People in non-traditional jobs judged more harshly

“The reason I got interested is, there was so much talk about race and gender barriers being broken,” said Victoria Brescoll, psychology scientist at Yale University, who led the study.

Brescoll suspected that people who have a job not normally associated with their gender would be under closer scrutiny and more likely to get in trouble for mistakes, reports the journal Psychological Science.

“Any mistakes that they make, even very minor ones, could be magnified and seen as even greater mistakes,” she said.Brescoll and colleagues, Erica Dawson and Eric Luis Uhlmann, came up with a list of high-status jobs that are normally held by one gender or the other, a statement by the university said.

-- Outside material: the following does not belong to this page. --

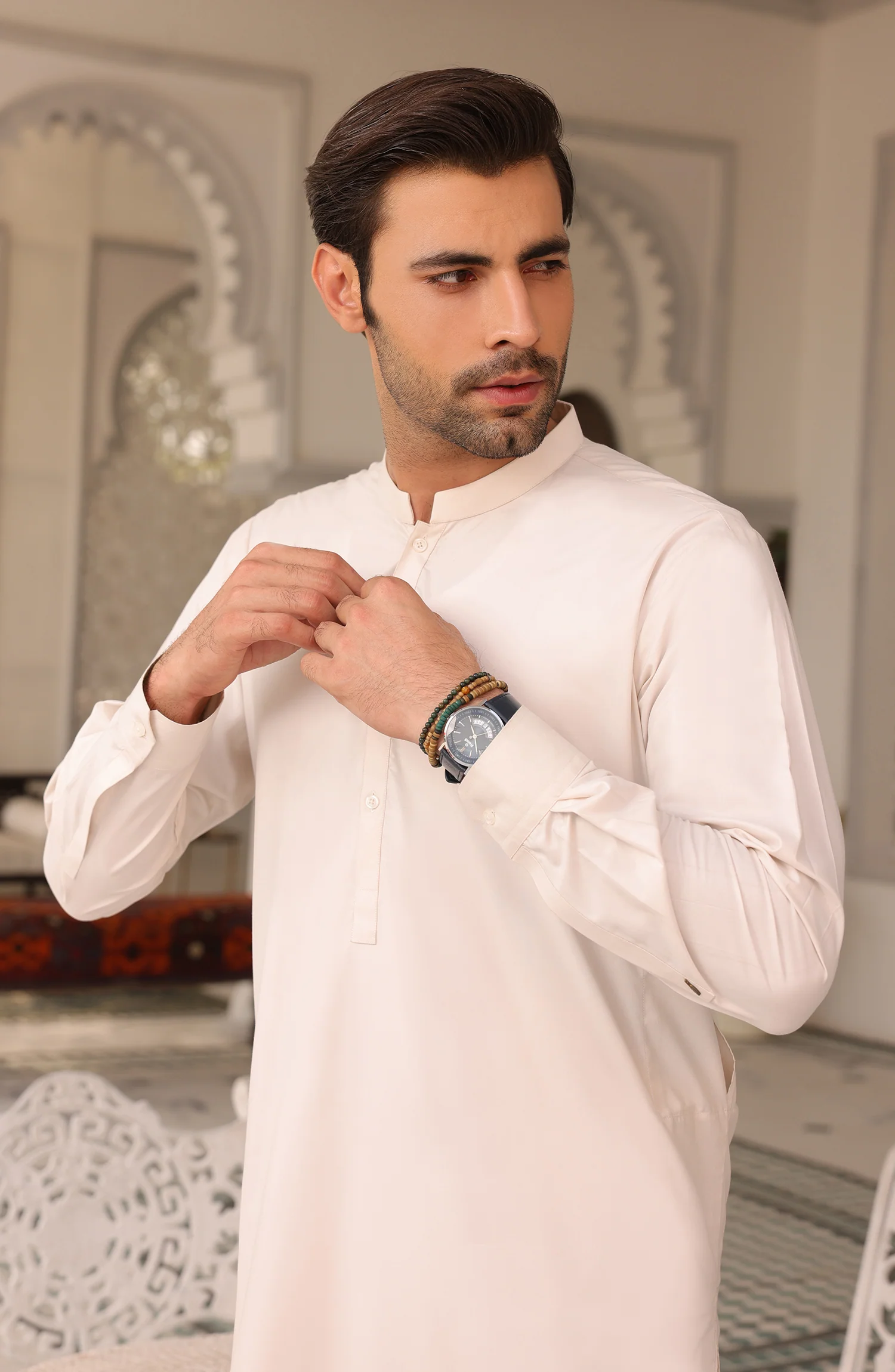 EID FESTIVE'22 MEN KAMEEZ SHALWAR PLAIN LIGHT BEIGE - Image 2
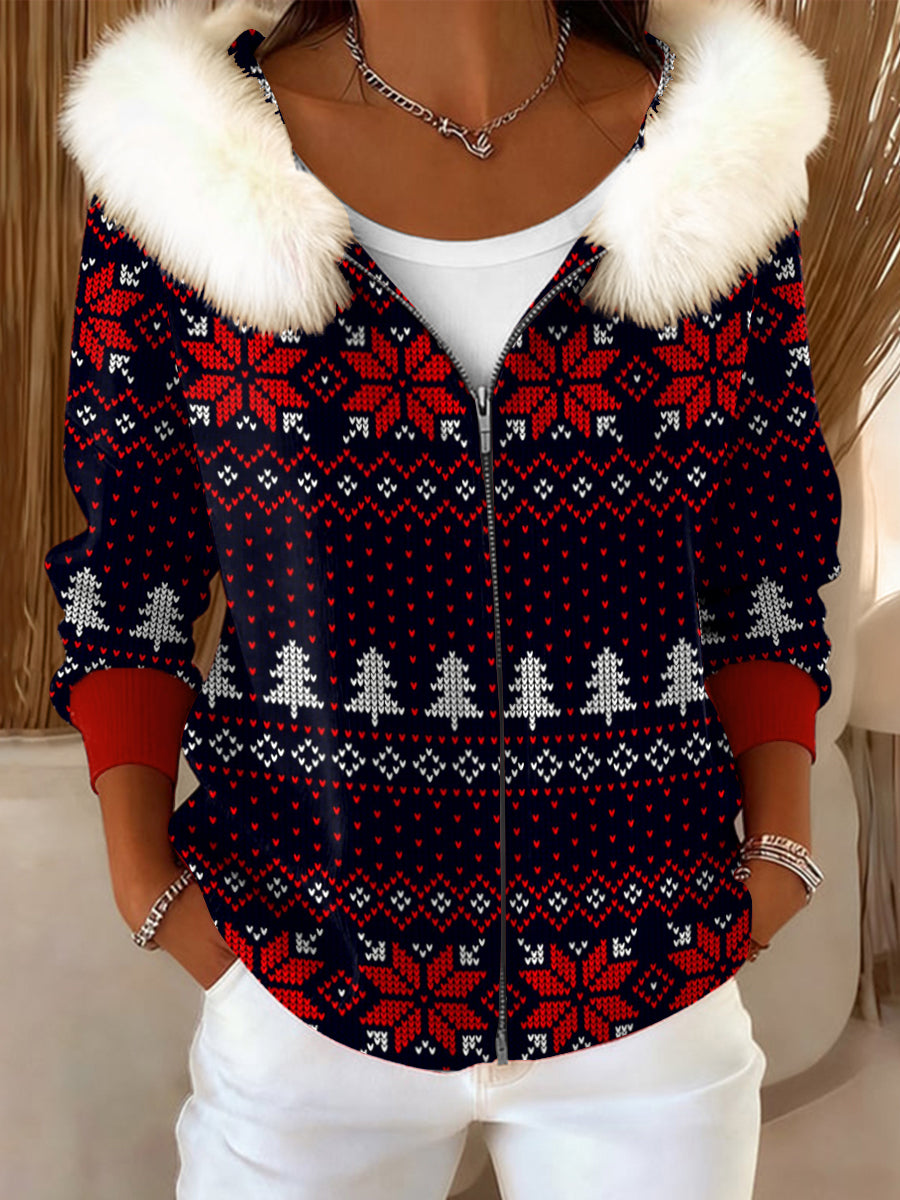 Ženy vintage sněhová vločka umění umělé kožešiny límec s kapucinou kabát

This was easy for men, but actually quite difficult for women; the one they came up with was the president of a woman's college.

About 200 volunteers read a scenario in which either a police chief or a women's college president made a mistake - not sending enough police officers (or campus security officers) to respond to a protest.

The gender of the police chief or college president varied and different people read different texts. Then they were asked how they judged the person who made the mistake. People who were the non-stereotypical gender were judged more harshly - the volunteers saw them as less competent and deserving of less status. The same was true in other tests with a female chief executive officer of an aerospace engineering firm and a chief judge.